Since its announcement in January 2014, the promised £12bn cut to welfare has developed an almost mythical status. Today, 18 months later, the chancellor finally answered the question of where the axe will fall.
The first thing to note is that he has identified the full £12bn but given himself an extra year to make the savings – and he is right to take longer.
He is also right to focus on the need to cut the cost of two of the biggest areas of non-pensioner spend: Housing Benefit (£25bn) and Tax Credits (£30bn). There are, however, some significant problems in the way he is going about it.

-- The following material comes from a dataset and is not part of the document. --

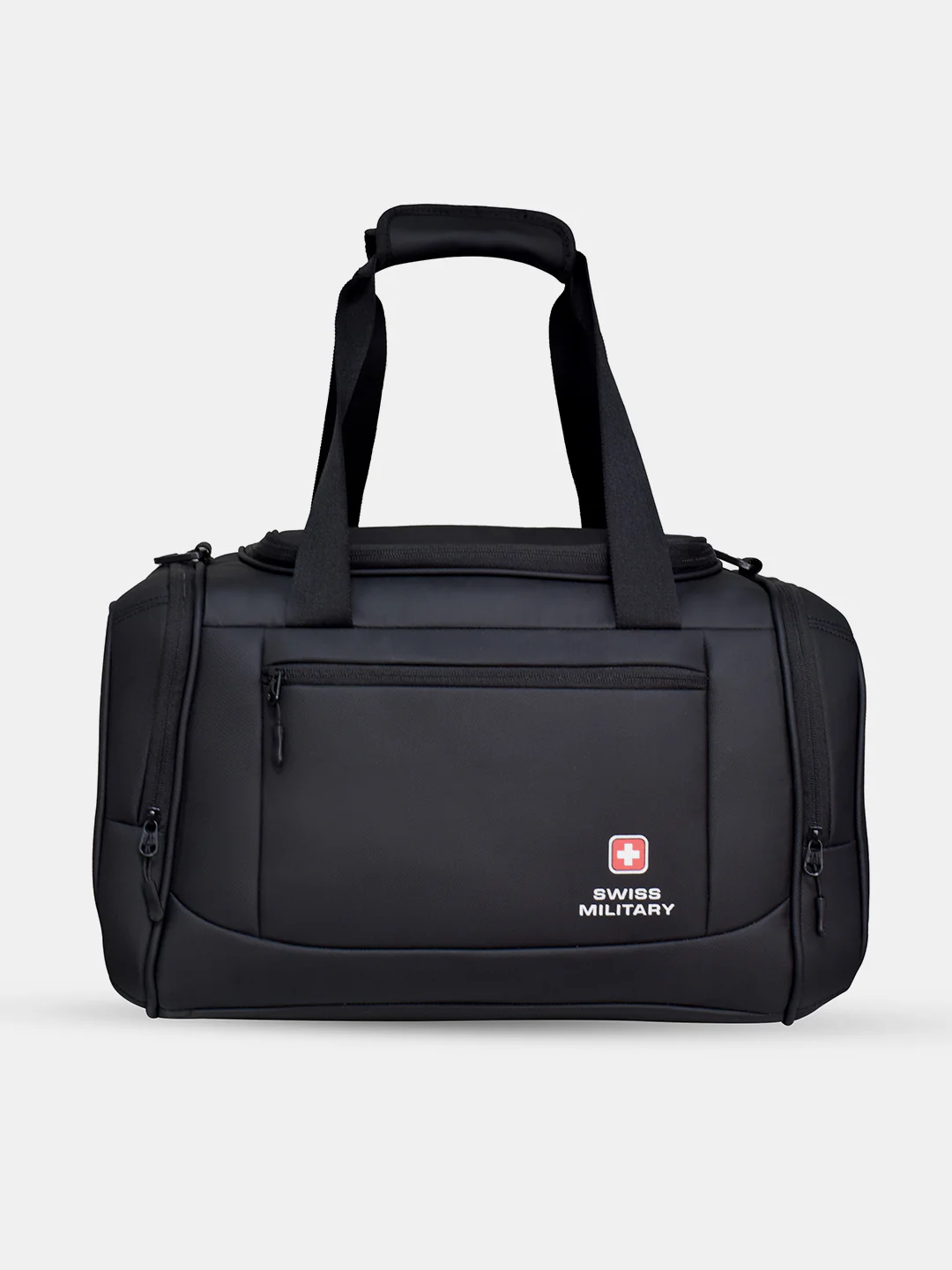 Pebbletiny Duffle Travel Bag, 34LTR | DB23 - Image 3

Whilst there may be some logic in the argument that people on benefits should have to consider the affordability of having more children, restricting Child Tax Credits to two children may actually prove counter-productive. Around two thirds of Child Tax Credits go to people in work on low incomes, the very “working people” the government has pledged to stand for. This change may lead to some families deciding that work doesn’t pay. So too the higher taper rate the chancellor is introducing.

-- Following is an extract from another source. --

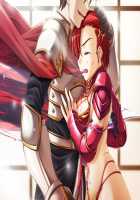 Gedou Yuusha / 外道勇者 [Asakura Sakura] [Original] Thumbnail Page 472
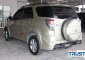 Toyota Rush TRD Sportivo bebas kecelakaan-16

The other big announcement aimed at reducing Tax Credit spend is a new National Living Wage. It is set to rise to £9 an hour by 2020, starting next April at £7.20. Calling it a “living” wage seems disingenuous when the Living Wage today is already higher than £7.20 (both in and out of London). Increases to low wages are, however, a good thing, but we should be wary of the 60,000 job losses the chancellor also announced. These are likely to be amongst the least skilled and there’s a danger they may not move into the new jobs being created over the Parliament.
On Housing Benefit, the Conservatives confirmed their commitment to excluding 18-21 year olds from eligibility. Like the reduction in the level of the household benefit cap, this saves little but is likely to be popular. The surprise announcement was the 1% cut in social housing sector rents. Housing providers will have something to say about that. When the biggest issue is the need to build more social housing, this cut in provider revenues, coupled with the proposed extension of Right to Buy, looks dangerously like bad policy.

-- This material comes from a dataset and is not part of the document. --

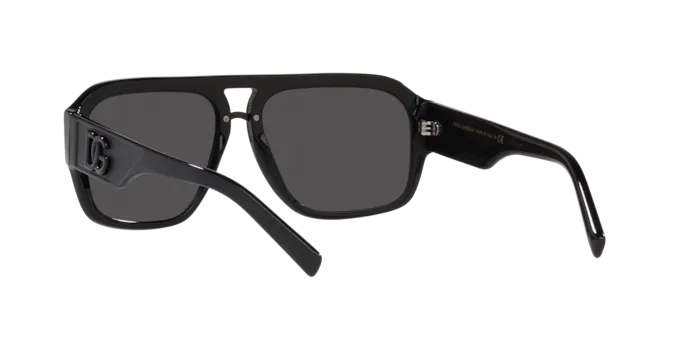 Dolce & Gabbana DG4403 501/87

The most radical component of this latest tranche of welfare reform is the reduction in the rate paid to people in the Work Related Activity Group of Employment and Support Allowance (ESA). Reform recommended this last month. Currently costing around £14bn a year, ESA repeats the perverse financial and non-financial incentives of its predecessor Incapacity benefit. It needs a fundamental overhaul and the rate is one element of this. Crucially, in conjunction with the rate change, the chancellor announced increased investment in support for this cohort to move into work.
The bulk of the welfare changes announced today are straightforward cuts, and for some poor families are likely to make them poorer. Creating a more sustainable system for the long term will require a more strategic approach to tackling the drivers of spend. This is not what the chancellor delivered in his Budget today.